## [WORK ITEM]
From the first line down to the one containing "Divided attention red", reproduce the entries below exactly and leave out the pictures.

*** DATA FOR THE TASK

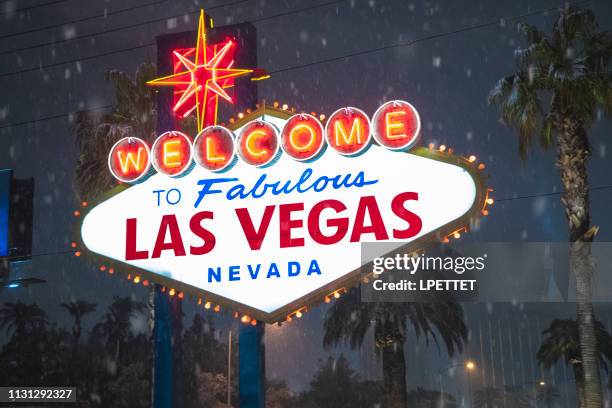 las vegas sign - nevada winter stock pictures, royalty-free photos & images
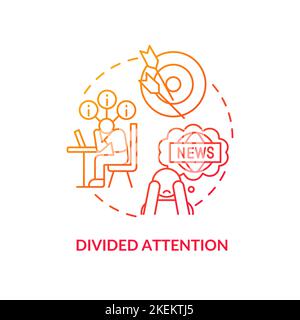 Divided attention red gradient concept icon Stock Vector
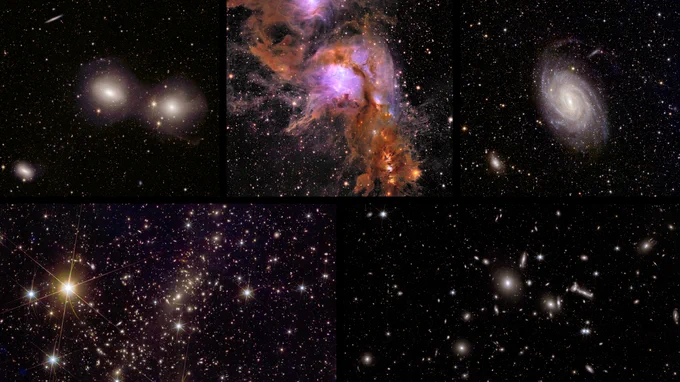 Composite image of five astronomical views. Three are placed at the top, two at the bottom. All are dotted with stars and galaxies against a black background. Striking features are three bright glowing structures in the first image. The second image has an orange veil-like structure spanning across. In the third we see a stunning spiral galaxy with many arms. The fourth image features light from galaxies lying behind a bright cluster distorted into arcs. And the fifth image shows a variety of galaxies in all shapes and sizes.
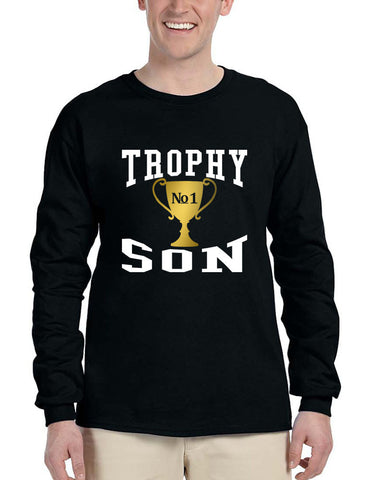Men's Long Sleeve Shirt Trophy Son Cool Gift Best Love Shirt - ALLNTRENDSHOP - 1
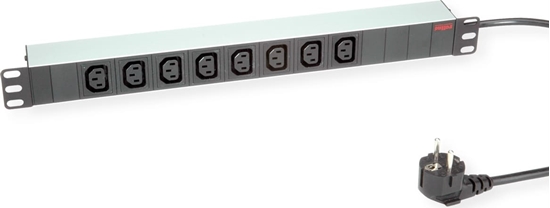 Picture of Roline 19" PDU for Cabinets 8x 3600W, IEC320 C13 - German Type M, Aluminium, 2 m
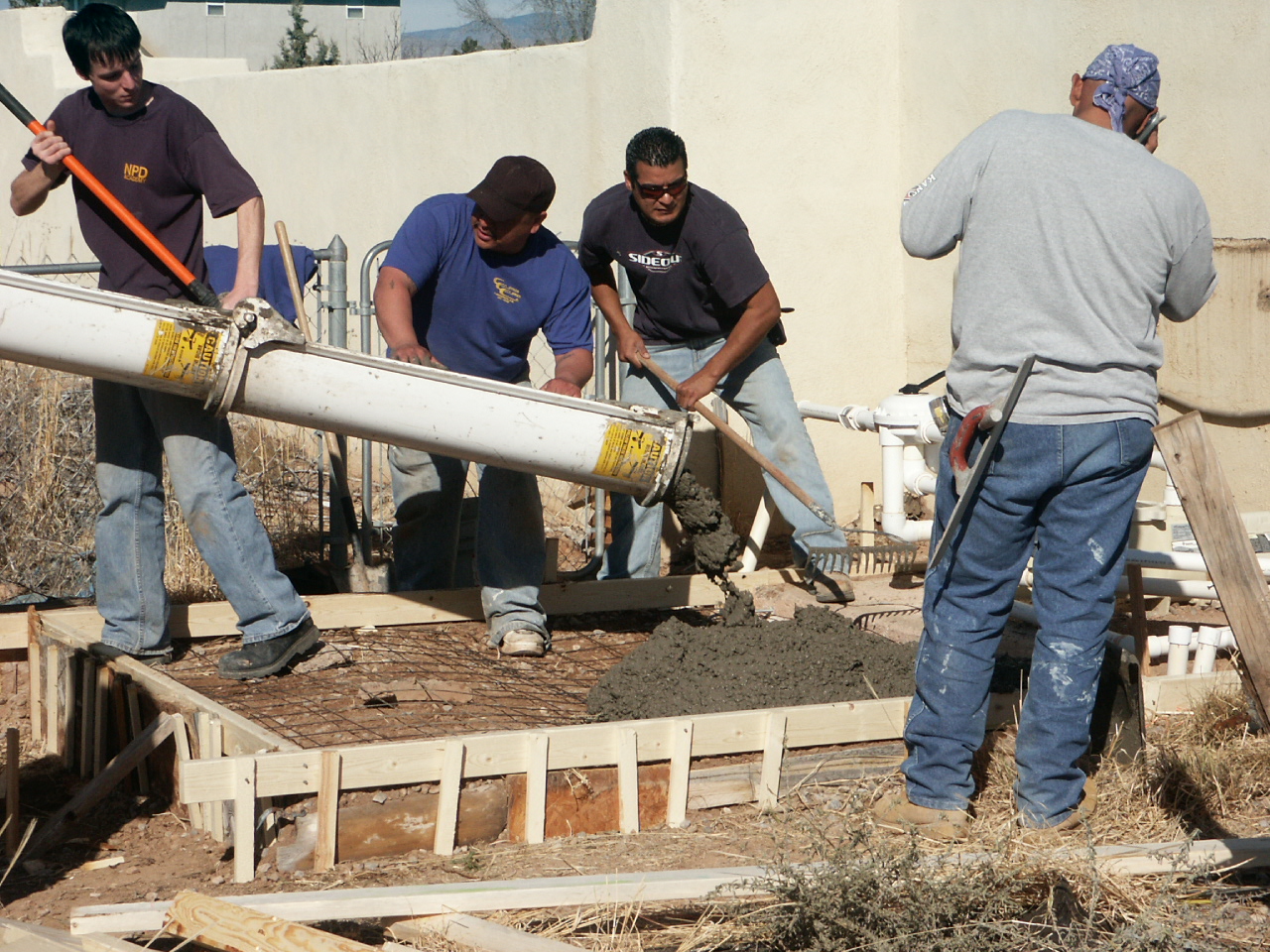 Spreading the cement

******

## [ANSWER AREA]
 las vegas sign - nevada winter stock pictures, royalty-free photos & images
 Divided attention red gradient concept icon Stock Vector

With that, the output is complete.